*ACTION ITEM*. Retype, with no pictures, each line from the one that holds "this 449×320 image." through the last line of the entries below, both included.

(DATA begins)

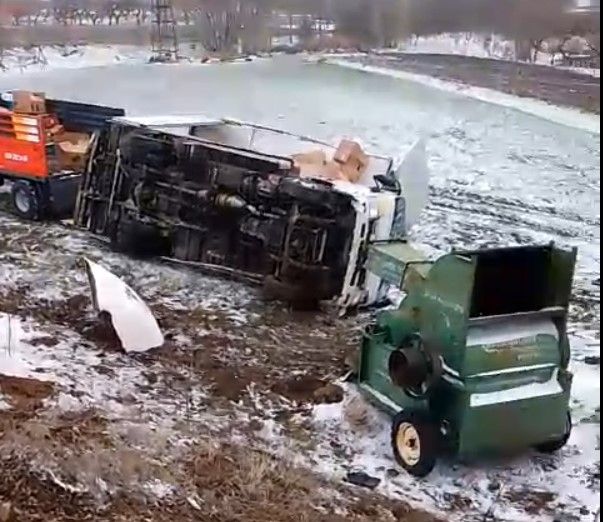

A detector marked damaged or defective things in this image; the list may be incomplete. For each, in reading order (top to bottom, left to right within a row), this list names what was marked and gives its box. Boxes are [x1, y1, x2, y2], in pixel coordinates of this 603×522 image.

exposed truck engine [74, 117, 430, 304]
overturned truck [75, 116, 430, 304]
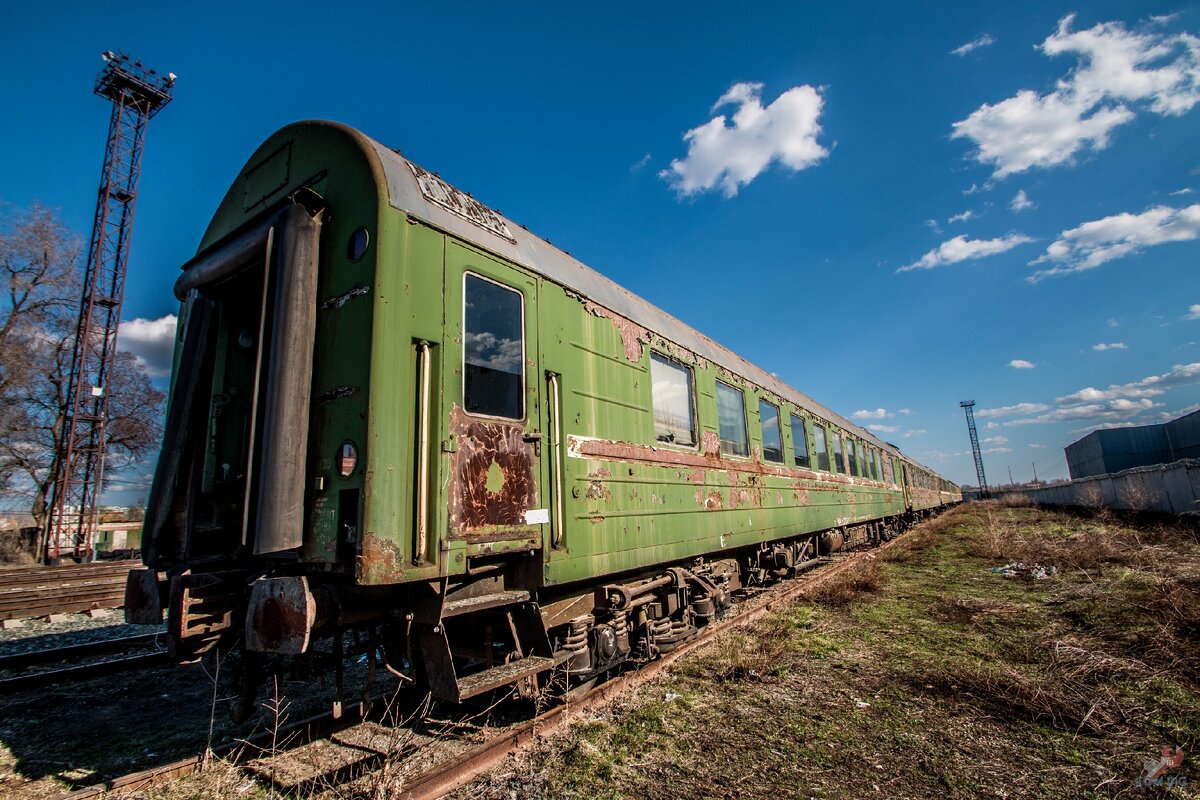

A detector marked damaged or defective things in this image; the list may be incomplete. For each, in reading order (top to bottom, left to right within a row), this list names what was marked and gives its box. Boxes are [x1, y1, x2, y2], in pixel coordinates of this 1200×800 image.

rust patch on carriage [583, 299, 652, 362]
rust patch on carriage [448, 407, 537, 532]
rusty metal surface [451, 407, 540, 532]
rusty train car side [126, 122, 960, 710]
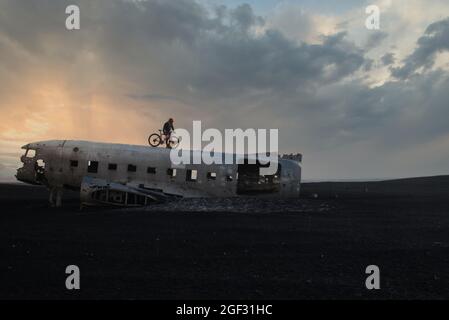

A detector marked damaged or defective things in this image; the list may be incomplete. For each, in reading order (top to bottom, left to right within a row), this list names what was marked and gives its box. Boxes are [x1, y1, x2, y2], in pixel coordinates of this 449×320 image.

wrecked airplane fuselage [15, 140, 300, 208]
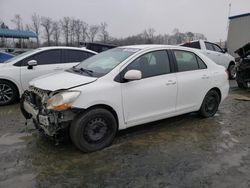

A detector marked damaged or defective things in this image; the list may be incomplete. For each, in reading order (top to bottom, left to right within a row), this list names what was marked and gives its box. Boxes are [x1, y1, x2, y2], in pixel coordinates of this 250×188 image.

damaged front bumper [21, 89, 80, 136]
damaged white car [20, 44, 229, 152]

(DATA ends)

*FINAL ANSWER*.
A detector marked damaged or defective things in this image; the list may be incomplete. For each, in reading order (top to bottom, left to right within a row), this list names what was marked and gives its box. Boxes are [x1, y1, x2, y2], in pixel coordinates of this 449×320 image.

wrecked airplane fuselage [15, 140, 300, 208]

A detector marked damaged or defective things in this image; the list may be incomplete. For each, in reading order (top to bottom, left to right within a row), this list names what was marked and gives its box. Boxes are [x1, y1, x2, y2], in pixel coordinates of this 250×188 image.

damaged front bumper [21, 89, 80, 136]
damaged white car [20, 44, 229, 152]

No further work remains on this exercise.